An identical version of this tutorial is available that uses regular C# tasks.
The following diagram shows how Coyote can be used to test this scenario and help you design more reliable software.
The CoffeeMachine
is modeled as an asynchronous state
machine. This example is not providing real firmware,
instead it mocks
the hardware sensor platform built into the machine. This is done in
MockSensors.cs
where you will find three actors that model various hardware components:
MockDoorSensor
, MockWaterTank
and MockCoffeeGrinder
. This actor provides async ways of reading
sensor values like Water temperature and water levels, or turning on and off the coffee grinder and
so on. The CoffeeMachine
does not know the sensors are mocks, all it knows is the public
interface defined in SensorEvents.cs
. In this way the CoffeeMachine
is production code, while
the mocks are only for testing.
The reason we are using an asynchronous model is that even in the smallest of devices, often times there is a message passing architecture where different hardware components are connected via some sort of bus, whether it is a simple serial port, or something more sophisticated like a CAN bus.
We will test that we can kill the CoffeeMachine
and restart it without anything bad happening.
This test is setup by the FailoverDriver
. The FailoverDriver lets the first CoffeeMachine
instance run for a bit then it randomly kills it by using the HaltEvent
, then it starts a new
CoffeeMachine
. The new CoffeeMachine
instance needs to figure out the state of the sensors such
that when a MakeCoffeeEvent
arrives, it doesn’t do something silly that breaks the machine. The
mock sensors are not killed so that it acts as a persistent store for sensor state across all
instances of the CoffeeMachine
.
Some safety Asserts
are placed in the code that verify certain important things, including:
- do not turn on heater if there is no water
- do not turn on grinder if there are no beans in the hopper
- do not turn on shot maker if there is no water
- do not do anything if the door is open
There is also a correctness assert in the CoffeeMachine
to make sure the correct number of
espresso shots are made and there is a LivenessMonitor
that monitors the CoffeeMachine
to make
sure it never gets stuck, i.e., it always finishes the job it was given or it goes to an error state
if the machine needs to be fixed.

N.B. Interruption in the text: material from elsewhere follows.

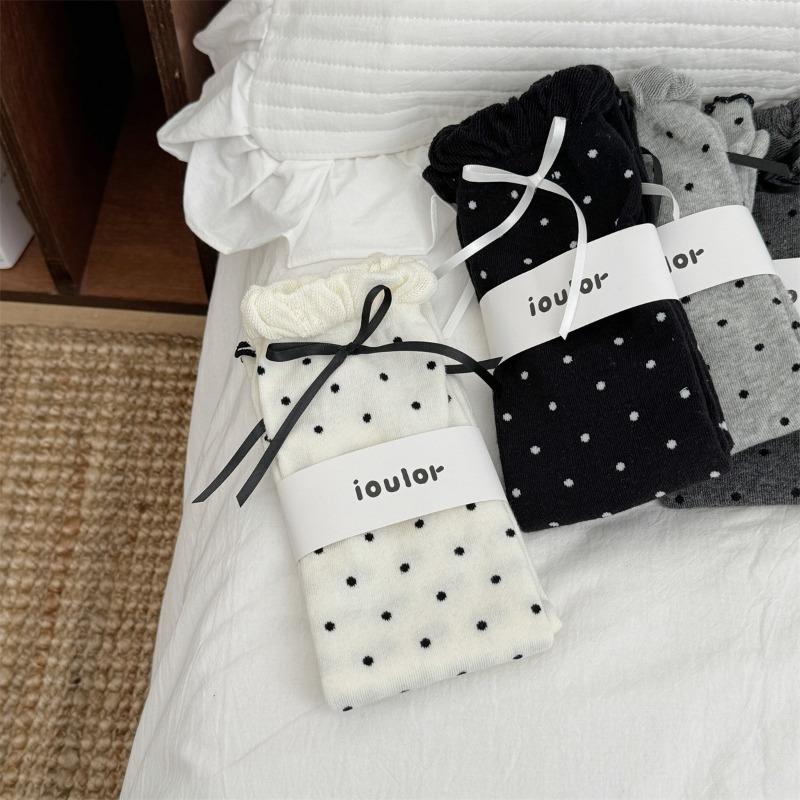 2 пары ретро носков в горошек, махровые носки с бантом, носки двойной вязки, утягивающие гетры для женщин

See Liveness Checking.
A number of excellent bugs were found by Coyote during the development of this sample, and this
illustrates the fact that Coyote can be applied to any type of asynchronous software, not just cloud
services. There is still one bug remaining in the code which you can find using coyote test
, and
it happens after failover just to prove the usefulness of this testing methodology.
What you will need
To run the CoffeeMachine
example, you will need to:
- Install Visual Studio 2022.
- Install the .NET 8.0 version of the coyote tool.
- Be familiar with the
coyote
tool. See using Coyote. - Clone the Coyote git repo.
Build the sample
You can build the sample by following the instructions here.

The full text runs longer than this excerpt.